Six months later I found myself traveling to Evanston, IL with my boyfriend to visit his family. I had moved on to another book, one that I won’t name because I couldn’t finish reading it. Chicago, or “the city” as Evanstonians say, was just minutes away. One afternoon we made our way to the Chicago Art Institute where I ran into Carrington again. Her work entitled Juan Soriano De Lacandón also used a neutral color palette and unsettled me in much the same way as the piece I saw in England. This time my curiosity grew and again I vowed not to forget about her.
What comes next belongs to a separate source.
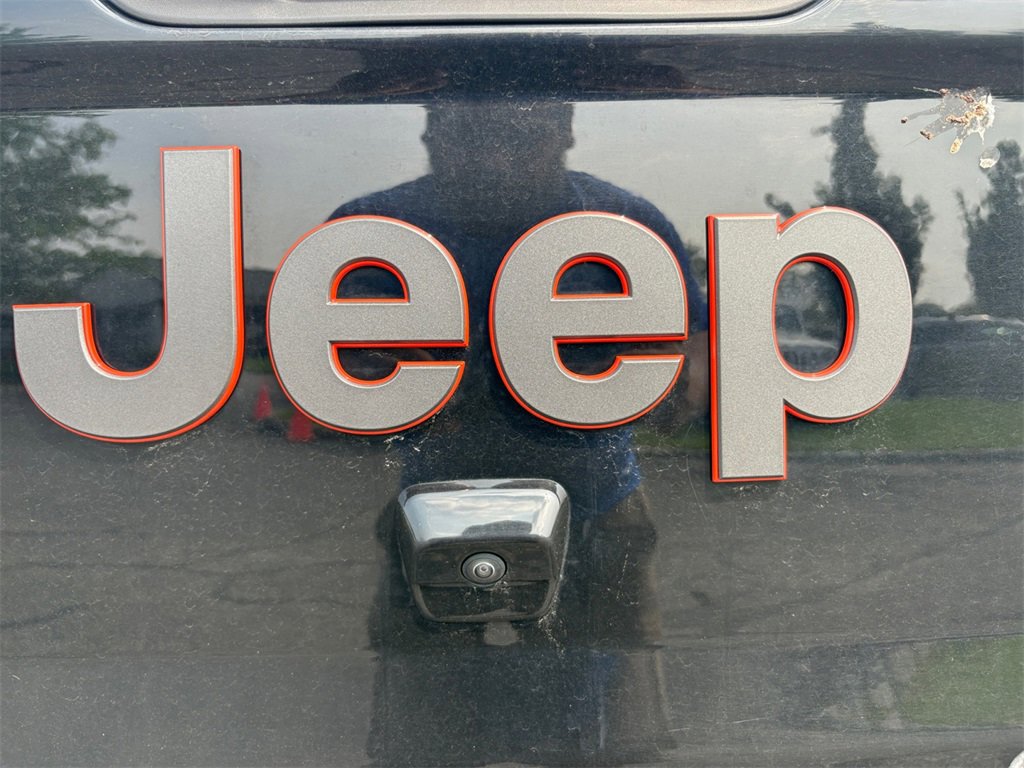 Certified 2023 Jeep Gladiator Mojave image 17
This time when I got back to Oregon I had not forgotten about Carrington. I Googled her. First, I looked at the images tab in the search. Lots of photos of her artwork showed up, but also a couple images of a very serious woman looking at the camera in a way that made you wonder what she had seen in her life to make her look this way. A very different reality from what many of her paintings depict, but also unsettling just like her artwork. Then I found a web page and read –“A British-born Mexican artist, a surrealist painter and a novelist.” I read about how she was an outcast in the Catholic school she attended, but that she decided to go on and become an artist and later a writer. A writer. This, I had to check out.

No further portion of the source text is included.